The Great Old Ones – EOD : A Tale Of Dark Legacy

EOD : A Tale Of Dark Legacy
The Great Old Ones
Season Of Mist
2017

The Great Old Ones - EOD

Immersive, voire cinématographique, la musique de The Great Old Ones laisse place à l’imagination, l’élaboration et la construction de paysages aussi figuratifs, mentaux que narratifs. Les mots écrits autrefois par H. P. Lovecraft semblent se détacher, devenant couleurs, formes, personnages, états d’esprit, bref prennent consistance et vie en une masse tentaculaire qui sied parfaitement à la vision de l’auteur américain. L’art des bordelais est d’avoir su insuffler dans leur black metal atmosphérique autant d’intensité que d’étrangeté où l’on peine à discerner la beauté d’un instant de l’angoisse et l’horreur brute qui semblent s’abattre soudainement. La cohésion des deux précédents opus n’est plus à pointer, les français ayant parfait leur style à mi-chemin entre littérature sonore, impression picturale et metal extrême aussi percutant qu’évanescent.

The Great Old Ones - Band

Suite à l’adaptation de la nouvelle Mountains Of Madness dans l’excellent Tekeli-Li (2014), le groupe a quitté son ancien label pour rentrer dans l’écurie Season Of Mist. Il a enchaîné les dates européennes et revient avec non pas la transfiguration de la nouvelle The Shadow over Innsmouth, comme on aurait pu se douter de prime abord, mais par une interprétation possible de ce qui pourrait se passer ensuite. Autant exposition que prolongement de la nouvelle initiale, EOD : A Tale Of Dark Legacy traduit la nouvelle de Lovecraft, et ce qui en découle, d’une manière plus brute et angoissante. Pas de froid polaire ici bas, mais une atmosphère pesante, compacte quasi vindicative sur une durée plus resserrée comme si le temps était mesuré pour compter cette histoire indicible. La production, elle, est plus imposante, efficace et nous fait rentrer directement dans la ville côtière d’Innsmouth, ses rues graisseuses, son malaise ambiant, ses habitants mal-formés aux yeux globuleux et ses rituels sanglants. On y sent une urgence, une envie de fuir des forces qui nous dépassent et nous rattrapent. Et bien que l’on retrouve ces passages éthérés, quasi shoegaze, qui font la marque de The Great Old Ones, tels de brefs instantanés en suspension, c’est l’aspect massif qui prime. Certains diront qu’on y perd en contemplation au profit d’une énergie misant sur l’efficacité. De ce côté, pas de crainte, le groupe sait faire éclater une violence libératrice portée tout aussi bien par les voix de Benjamin et de Jeff que par la solidité des trois guitares rythmiques. Mais, ce serait réducteur, vous pensez pas ? Oui, les choses qui apparaîtront frontalement seront ce tempo véloce (mention au jeu précis du batteur Léo Isnard) et cette envie d’aller à l’essentiel en ne s’embarrassant d’aucune longueur, cependant, l’on retiendra aussi les percussions innovantes, les touches d’orgues sur le morceau « The Ritual » comme l’on se souviendra des chœurs déclamatoires et de ce violoncelle parsemant l’album, créant cette ambiance grinçante. Ces passages absolument chaotiques, voire épileptiques, laissant parler l’humidité et la vermine avec un éclat peu commun. Ce sont ces marques « indistinctes » qui rendent EOD : A Tale Of Dark Legacy plus aventureux et anxiogène, démontrant que les Bordelais savent faire évoluer leur musique au gré des vagues dégueulant des entités monstrueuses et impies à mon plus grand soulagement narquois.

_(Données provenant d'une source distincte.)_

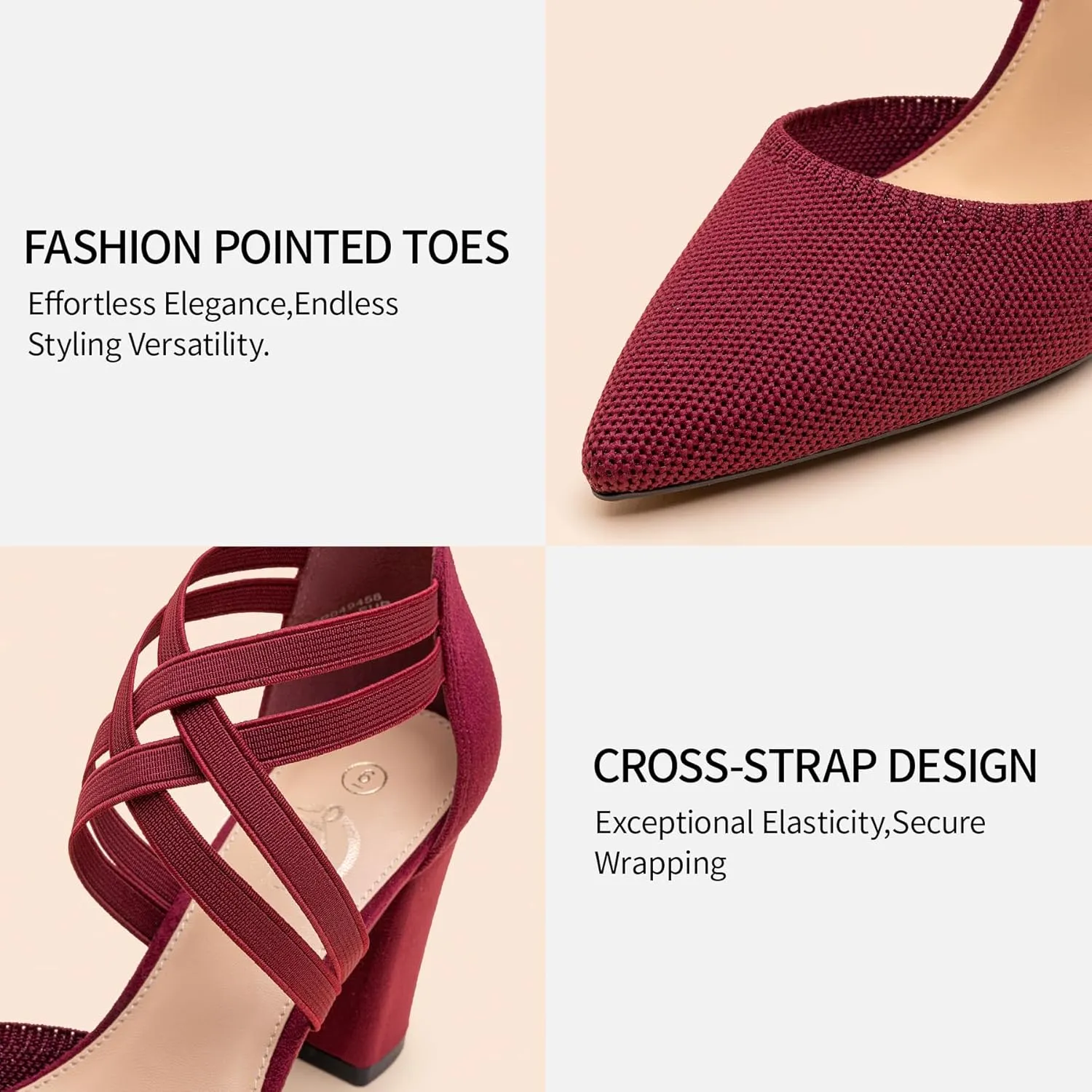 Trary Heels for Women, Chunky Heels for Women, Closed Pointed Toe Heels Comfortable Womens Pumps Elastic Double Crisscross Strap Low Heel Pumps for Women 3.5 Inch Heels Dress Shoes for Women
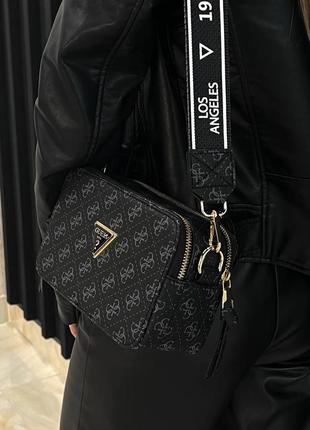 Guess the snapshot bag сумка эко кожа люкс качество беж черная коричневая6 фото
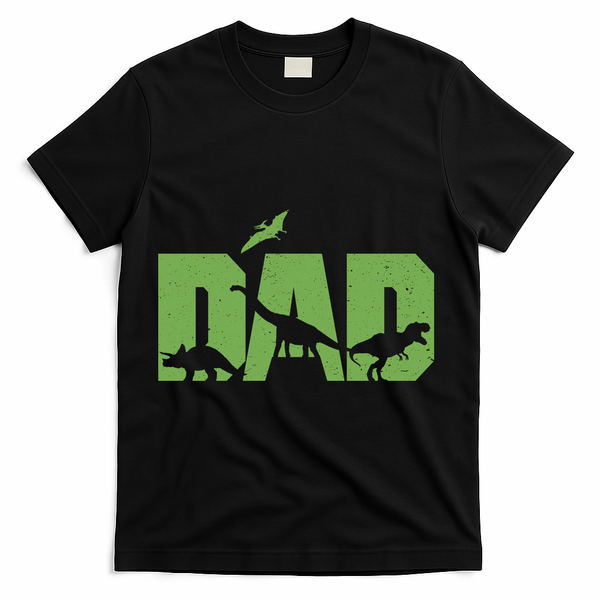 Dinosaur Dad Father's Day T-Shirt - Black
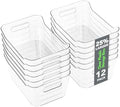 Tiawudi 12 Pack Plastic Storage Bins, Multi-Use Organizer Bins, Pantry Organizer, Clear Storage Containers for Home, Kitchen, Office, Cabinet, Shelf and Fridge Organization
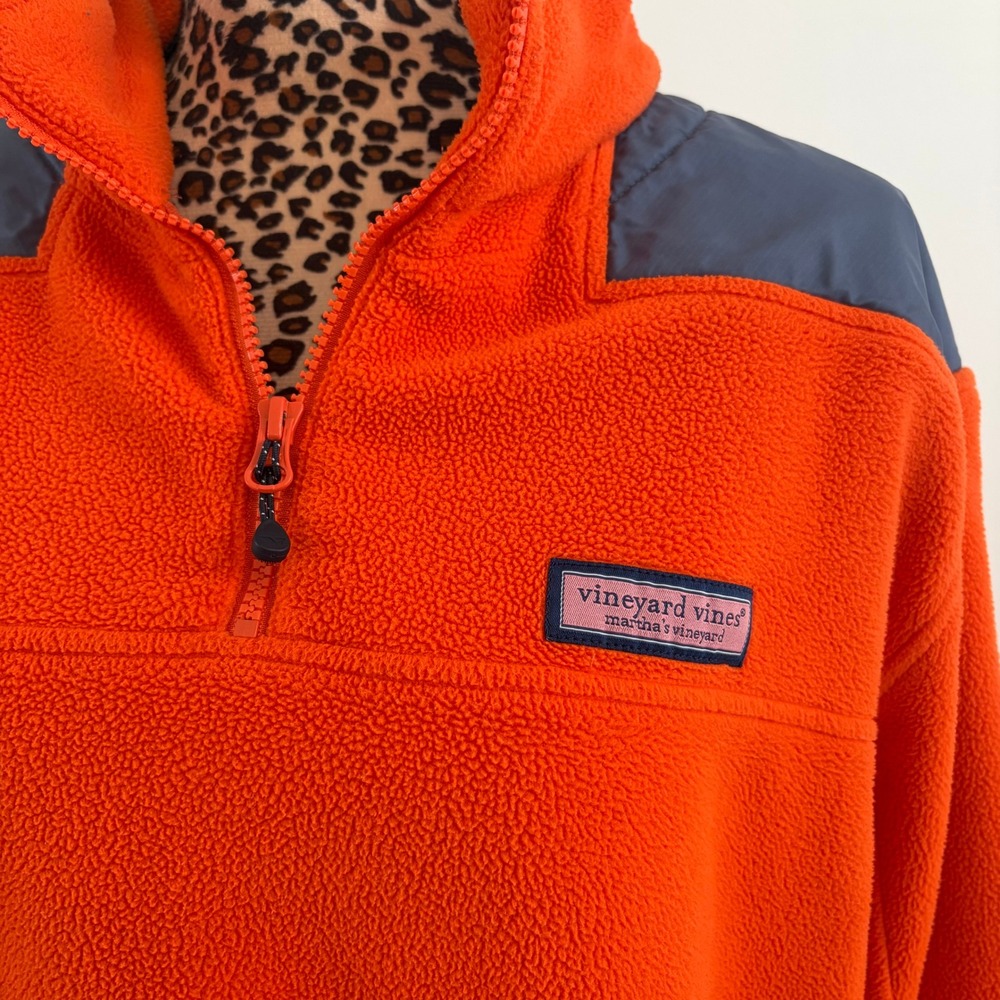 Vineyard Vines Mens Large Orange Fleece Quarter Zip Pullover Blue Trim 09/2013‎ - Picture 2 of 6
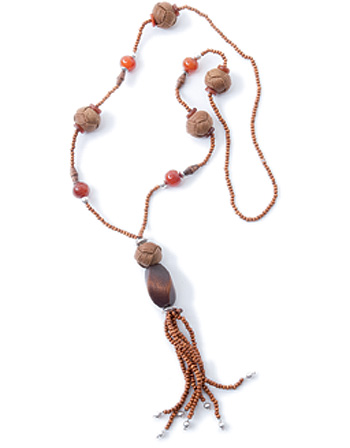 Wood Knots And Silver Necklace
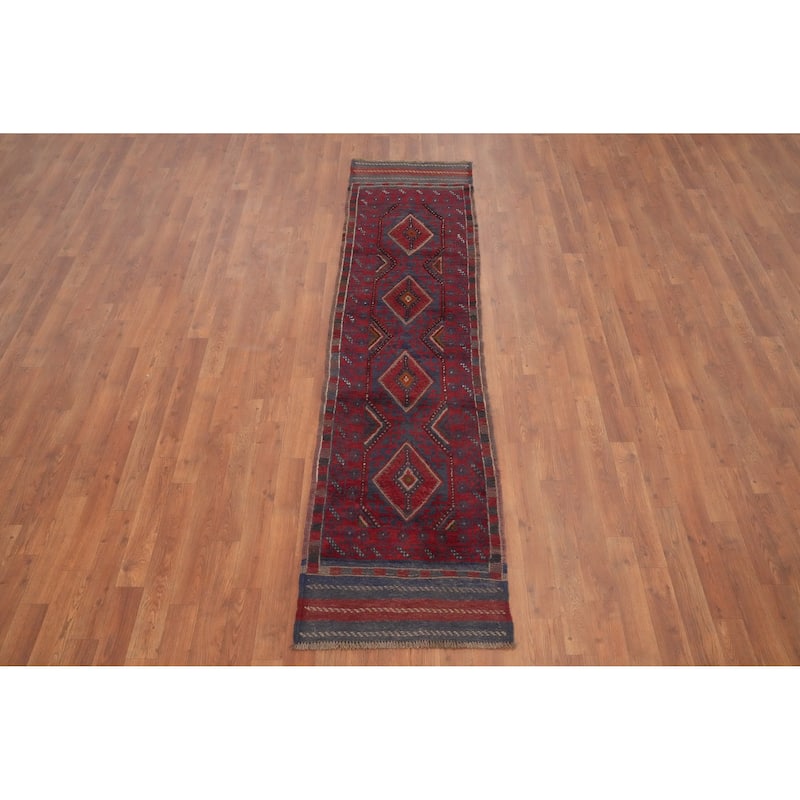 Hand Knotted Oriental 100% Wool Carpet Traditional Tribal Red Balouch Runner Rug - 7' 1'' X 1' 11''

Je pourrais tergiverser durant des semaines sur les détails parsemant cet album mais ça, on s’en fout. L’important c’est l’impression de grandeur face aux rachitiques bestioles que nous sommes. Si, effectivement, ce nouvel opus ne permet pas d’asseoir définitivement The Great Old Ones sur un trône de granit, il impose définitivement les Français comme un fleuron de la scène contemporaine. Quelque part, et c’est confirmé, c’est brillant.